Entrepreneurship MOOCs
An example of a relevant vocational MOOC is Jim
Vetter’s LIFE, a not-for-profit funded MOOC for entrepreneurs from all over the
world, with many in Africa. He uses a MOOC to develop small businesses,
especially tech businesses.
Lessons learnt? Use a pedagogy for a range of literacies, make it multilingual
and make content available on a range of devices. He also uses learners to
help develop content, as they know a lot about troubleshooting in their own,
local environments. Stories are important, as are JOLTs (just in time learning
tools). What was needed were practical, skills around start-up costs, fixed
costs, variable costs, profit & loss, cash flow and so on. For this he uses
free, open source spread-sheets with P &Ls etc. He delivers in English and
Spanish, and soon in French and Arabic. This is important as 202 countries have
logged in so far and it is widely used throughout Africa. I also likes his free
‘facilitator guide’ downloadable from the site.
Tanzanian IT MOOCs
Even more relevant to African needs is the World
Bank funded Coursera initiative to provide market-relevant IT skills in
Tanzania, where jobs are going unfilled due to lack of relevant IT skills.
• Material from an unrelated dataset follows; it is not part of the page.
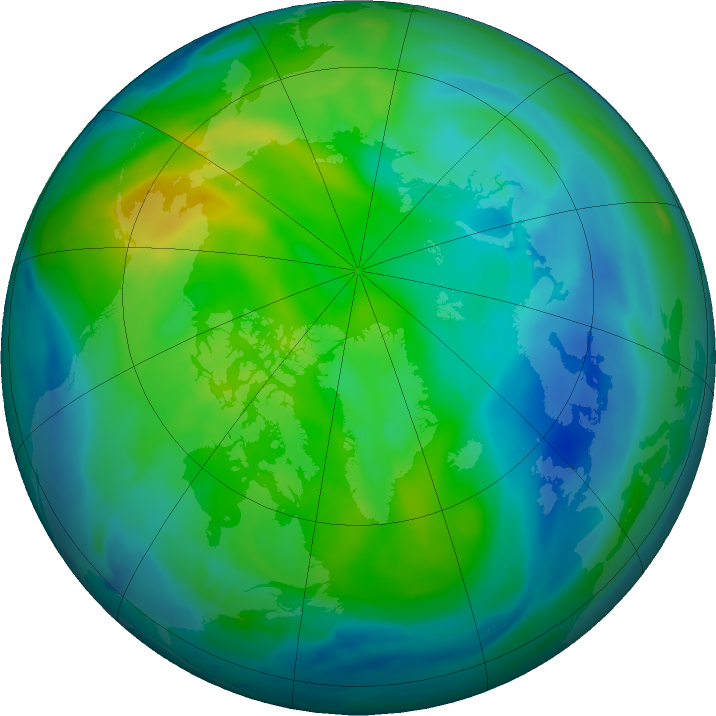Arctic ozone map for 27 October 2021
Tanzania’s problem is not unusual in Africa where talented students go abroad
to study, leaving the country bereft of high-end skills. They hope to match IT
MOOCs to local employment needs by involving stakeholders such as local IT
lecturers, businesses and entrepreneurs. This is promising as it pays attention
to local culture and context.
African perspective on MOOCs
What’s now
needed are a few home grown MOOCs from African institutions. They need not be
universities. Gertjan van Stam has spent a long time in deep, rural Africa, in
Zimbabwe and Zambia, and has some revealing insights into MOOCs in Africa. The
African perspective on MOOCs, he feels, should be different. Take the rural or
traditional African perspective on the subject and you see things through
different eyes. 71% in his village use the internet for education in deep rural
villages. In his village role models emerged, such as the woman who went online
to get a Degree in Divinity and became an important member of the clergy. His
children use Khan and BBC Bitesize for maths, His wife, a doctor, is doing a
MOOC on mobile health. Most education not accessible to the poor, so MOOCs are
a real educational opportunity.
However, he says that Africa must transmit and not just
consume MOOCs. There’s a real need for MOOCs in indigenous languages, sensitive
to Africa’s oral tradition. Content in
just western languages is hampering progress. Even worse, it may strengthen
colonial thought. He wants MOOCs ‘contextualised for Africa’ and sees them as
an opportunity to ‘send an African knowledge to the world’. What does this
mean? Ubunto – ‘my humanity is linked to your humanity’, Orality - used
extensively in Africa, where instant discourse influences everything. He’d like
to see MOOCs provide more long-term educational content that ‘withstands
rampant individualism’, especially in the Africa where the short-term is
unpredictable. This is fascinating and opens up the possibility for MOOCs that
are far more oral, immediate and useful than using or repackaged western
courses.
Conclusion
When
these people presented their visions for African MOOCs, it was disappointing to
hear predictable responses about drop-outs, certification and
quibbles about the history of MOOCs. This is to apply old narrow narratives to something entirely new and
disruptive. This was in stark contrast to the visionaries, who were actually
doing real work, on real MOOCs, with large numbers of real learners. We needn’t
worry. The digital genie has escaped from the Ivory Tower and caught the
imagination of people who really care about access. Thinking of MOOCs in Africa makes you see the
potentials for escape from the dominant and oppressive western model of Higher Education;
remote, inaccessible, expensive, elitist and overly-academic. I wish them well.